De acuerdo con las cifras oficiales proporcionadas por la autoridad legislativa, la tragedia ha dejado un saldo de 1.450 personas fallecidas. En cuanto a los heridos, el reporte indica que la cifra asciende a 3.150 personas, de las cuales 527 han requerido traslado inmediato a centros hospitalarios o clínicas ubicadas en la ciudad de Caracas para recibir atención especializada.
El despliegue de asistencia médica ha sido masivo para intentar mitigar el impacto de la emergencia. Según los datos suministrados, un total de 4.250 personas han recibido asistencia médica de urgencia, mientras que 7.168 ciudadanos han sido procesados a través de las carpas de triaje para determinar la gravedad de sus lesiones. Asimismo, el balance oficial registra formalmente la existencia de 12.721 damnificados que han perdido sus hogares o se encuentran en situación de vulnerabilidad.

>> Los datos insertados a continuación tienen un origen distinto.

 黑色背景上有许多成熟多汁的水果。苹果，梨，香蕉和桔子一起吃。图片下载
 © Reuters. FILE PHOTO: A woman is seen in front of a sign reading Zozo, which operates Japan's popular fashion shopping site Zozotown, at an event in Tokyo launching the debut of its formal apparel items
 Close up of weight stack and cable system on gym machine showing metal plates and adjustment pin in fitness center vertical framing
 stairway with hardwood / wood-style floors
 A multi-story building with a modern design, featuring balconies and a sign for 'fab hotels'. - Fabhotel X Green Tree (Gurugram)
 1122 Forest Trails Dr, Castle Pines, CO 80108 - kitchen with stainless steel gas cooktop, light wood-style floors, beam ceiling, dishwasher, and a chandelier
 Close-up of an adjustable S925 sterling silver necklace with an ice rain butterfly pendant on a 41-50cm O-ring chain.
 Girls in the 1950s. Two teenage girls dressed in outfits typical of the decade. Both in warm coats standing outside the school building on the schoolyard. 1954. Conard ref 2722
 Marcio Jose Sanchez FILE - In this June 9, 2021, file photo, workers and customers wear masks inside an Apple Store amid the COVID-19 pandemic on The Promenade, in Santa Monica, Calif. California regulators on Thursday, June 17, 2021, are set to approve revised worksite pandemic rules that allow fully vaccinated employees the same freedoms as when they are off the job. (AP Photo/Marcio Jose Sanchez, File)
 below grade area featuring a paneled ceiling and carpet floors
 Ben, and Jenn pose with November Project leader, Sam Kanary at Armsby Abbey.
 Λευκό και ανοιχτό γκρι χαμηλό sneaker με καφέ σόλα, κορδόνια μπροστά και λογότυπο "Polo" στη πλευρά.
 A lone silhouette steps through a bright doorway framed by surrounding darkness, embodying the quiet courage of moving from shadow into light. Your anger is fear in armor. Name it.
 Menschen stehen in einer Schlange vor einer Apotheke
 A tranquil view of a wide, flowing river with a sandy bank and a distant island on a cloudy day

En lo que respecta a la infraestructura, el impacto ha sido severo. El indicador de estructuras afectadas o con colapso total se ha elevado a 2.501. Este inventario de daños incluye edificios residenciales, centros comerciales, hospitales, instituciones educativas, así como carreteras y puentes. Jorge Rodríguez detalló que estas infraestructuras ya se encuentran bajo un proceso de evaluación técnica para dar inicio a las labores de reparación correspondientes.
La situación geológica sigue siendo motivo de preocupación para las autoridades. Los servicios sismológicos han contabilizado un total de 512 réplicas tras los dos terremotos principales. Estos eventos secundarios continúan generando alertas y provocando nuevas afectaciones estructurales en diversas entidades del país, específicamente en los estados La Guaira, Aragua, Miranda, Carabobo, Falcón, Yaracuy y el Distrito Capital.
En el ámbito de la atención social, el Gobierno ha implementado un plan de protección directa para la población afectada. Rodríguez precisó que se ha brindado asistencia a 73.937 familias. Esta ayuda se ha traducido en la distribución de 7.225.000 kilogramos de alimentos, la entrega de 20.000 bolsas de comida destinadas a los hogares y el servicio de 222.147 platos de comida servidos en caliente para quienes se encuentran en refugios o zonas de desastre.
Ante la magnitud de la crisis, Venezuela ha abierto sus puertas a la cooperación internacional. Hasta la fecha, el país ha recibido a 2.624 especialistas en búsqueda, salvamento y apoyo humanitario provenientes de 24 naciones. Estos contingentes cuentan con el apoyo de 137 equipos caninos especializados en la localización de personas bajo los escombros, 49 vehículos de apoyo técnico y el ingreso de 84,4 toneladas de insumos médicos de primera necesidad.
Respecto a esta ayuda externa, el presidente de la Asamblea Nacional fue tajante al afirmar que no existen restricciones para quienes deseen colaborar. Rodríguez señaló que en este momento no se están atendiendo consideraciones de índole política ni geográfica, asegurando que cualquier entidad o país que proponga ayuda será recibido con gusto y gratitud.
Finalmente, se informó sobre el despliegue de voluntarios civiles. Para evitar el caos en las zonas críticas, se ha establecido un canal de registro obligatorio en el estacionamiento del Poliedro de Caracas, requisito indispensable para acceder al estado La Guaira, entidad que ha sido declarada zona de desastre. Hasta el momento, 7.876 voluntarios se han inscrito en este registro.
El parlamentario concluyó señalando que el desorden registrado en las primeras horas ha sido sustituido por un sistema organizado. De este modo, los voluntarios y voluntarias son distribuidos según las prioridades operativas, dividiéndose en equipos de atención médica, rescate de personas vivas y soporte logístico en los campamentos temporales.